Extensive sand dunes stretch for several miles between Birkdale and Woodvale to the south of the town. The Ainsdale sand dunes have been designated as a National Nature Reserve and a Ramsar site. Local fauna include the Natterjack toad and the Sand lizard.[3][4]

History

Early history

There have been settlements in the area now comprising Southport since the Domesday Book and some parts of the town have names of Norse origin.

Roman coins have been found hereabouts, but there is no other evidence of a Roman presence here.

The earliest surviving written is in the Domesday Book of 1086, recording a manor of Otergimele, which some have derived from a presumed Norse name Oddrgrimir and the Old Norse word Melr meaning sandbank. The Domesday Book states that there were 50 houses in Otergimele and a population of 200. The population was thin here. At Crossens, believed to be the northeast end of Otergimele blown sand gave way to the River Ribble Estuary where fishermen could thrive and farmers could plough the silted soil, and here a village could grow.

A church was built, which gave the emerging village its name of Churchtown, while the parish was North Meols.
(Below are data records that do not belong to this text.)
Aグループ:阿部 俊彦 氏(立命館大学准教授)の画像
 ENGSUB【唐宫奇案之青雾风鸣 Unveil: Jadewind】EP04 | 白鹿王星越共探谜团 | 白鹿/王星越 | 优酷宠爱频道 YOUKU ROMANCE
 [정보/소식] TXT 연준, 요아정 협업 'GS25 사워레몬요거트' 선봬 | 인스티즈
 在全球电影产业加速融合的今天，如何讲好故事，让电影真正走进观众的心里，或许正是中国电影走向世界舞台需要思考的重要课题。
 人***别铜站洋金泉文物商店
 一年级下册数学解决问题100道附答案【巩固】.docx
Today's church on the site is St Cuthbert's and is still at the centre of Churchtown to this day.

Fishing prospered and hamlets coalesced in North Meols; South Hawes, Haweside, Little London, Higher Blowick, Lower Blowick, Rowe-Lane, Churchtown, Marshside, Crossens, and Banks.[5]

Parts of the parish were almost completely surrounded by water until 1692 when Thomas Fleetwood of Bank Hall cut a channel to drain Martin Mere to the sea.[6] From this point on attempts at large scale drainage of Martin Mere and other marshland continued until the 19th century, since which the water has been pumped away. This left behind a legacy of fine agricultural soil and created a thriving farming industry.

The foundation of Southport

Southport itself was founded in 1792 when William Sutton, an innkeeper from Churchtown, built a bathing house at what now is the south end of Lord Street, the town's main thoroughfare.[7] This caught the vogue of the time for sea bathing. Sutton's bathing house was amongst dunes at South Hawse by the seaside just four miles from the newly constructed Leeds and Liverpool Canal and two miles south-west of Churchtown.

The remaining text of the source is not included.